> **TASK REQUIREMENTS**:
For each line of the data below, copy it if it holds the word "Lapis".
(MATERIAL PROVIDED)
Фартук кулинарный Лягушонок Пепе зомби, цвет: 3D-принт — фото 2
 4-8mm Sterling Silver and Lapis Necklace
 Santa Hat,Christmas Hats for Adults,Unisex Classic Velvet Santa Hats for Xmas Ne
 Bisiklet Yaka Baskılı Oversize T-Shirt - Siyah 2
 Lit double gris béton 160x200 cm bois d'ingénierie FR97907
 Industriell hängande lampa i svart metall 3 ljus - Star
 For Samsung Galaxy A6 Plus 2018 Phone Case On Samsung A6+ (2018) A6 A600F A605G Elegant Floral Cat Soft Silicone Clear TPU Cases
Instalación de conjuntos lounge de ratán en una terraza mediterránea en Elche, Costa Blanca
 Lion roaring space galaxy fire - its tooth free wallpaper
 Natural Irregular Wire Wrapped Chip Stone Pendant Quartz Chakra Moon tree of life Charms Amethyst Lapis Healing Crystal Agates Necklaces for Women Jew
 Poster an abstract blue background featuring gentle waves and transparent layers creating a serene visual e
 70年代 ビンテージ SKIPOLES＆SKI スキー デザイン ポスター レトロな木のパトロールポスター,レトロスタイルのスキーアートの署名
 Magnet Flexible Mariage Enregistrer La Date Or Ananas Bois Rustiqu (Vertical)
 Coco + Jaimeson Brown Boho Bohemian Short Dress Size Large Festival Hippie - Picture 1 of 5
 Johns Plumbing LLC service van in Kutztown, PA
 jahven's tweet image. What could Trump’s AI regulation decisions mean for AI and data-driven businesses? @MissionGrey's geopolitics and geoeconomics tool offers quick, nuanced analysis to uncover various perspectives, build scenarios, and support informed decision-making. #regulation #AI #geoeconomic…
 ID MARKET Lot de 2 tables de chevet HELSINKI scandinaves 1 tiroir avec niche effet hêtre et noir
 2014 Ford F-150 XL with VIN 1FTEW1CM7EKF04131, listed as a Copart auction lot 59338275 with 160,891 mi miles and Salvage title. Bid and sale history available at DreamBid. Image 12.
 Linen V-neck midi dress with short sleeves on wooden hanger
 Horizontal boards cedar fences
(End MATERIAL PROVIDED)
> **RESPONSE TO THIS TASK**:
 4-8mm Sterling Silver and Lapis Necklace
 Natural Irregular Wire Wrapped Chip Stone Pendant Quartz Chakra Moon tree of life Charms Amethyst Lapis Healing Crystal Agates Necklaces for Women Jew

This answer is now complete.